Although the percentage is relatively low at 4.1 percent, it is three times higher than it was when the California state Assembly enacted a texting ban.
In January of 2009, only 1.4 percent of people said they drove while manipulating a wireless device. Last month AAA found that 4.1 percent of drivers could be texting at any given time while on the road.
Tickets for first time offenders are $25, but increases in price with time. Subsequent convictions are $50, and with penalty assessments the fine could be triple the fine, according to the California Department of Motor Vehicles.
“We write a lot of tickets for it,” Lt. Andra Brown from the San Diego Police Department said. “It’s something we take very seriously.”
Texting and driving is a primary reason for stopping, meaning police officers can pull over any driver they see texting or talking without a hands-free device.

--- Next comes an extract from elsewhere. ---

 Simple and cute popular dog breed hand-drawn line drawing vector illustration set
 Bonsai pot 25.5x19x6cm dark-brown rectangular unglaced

Brown said often times people try to conceal that they are texting, but because they realize the inherent danger they end up putting their phone in direct visibility.
“The fact that they’re trying to hide it means they shouldn’t be doing it,” she said. “You obviously know that you’re doing something wrong. They’re giving themselves away.”
The combination of texting and driving has proved to be lethal – for both drivers and others on the road. A study performed last year by University of North Texas Health Science Center found that texting while driving was responsible for more than 16,000 deaths between 2002 and 2007.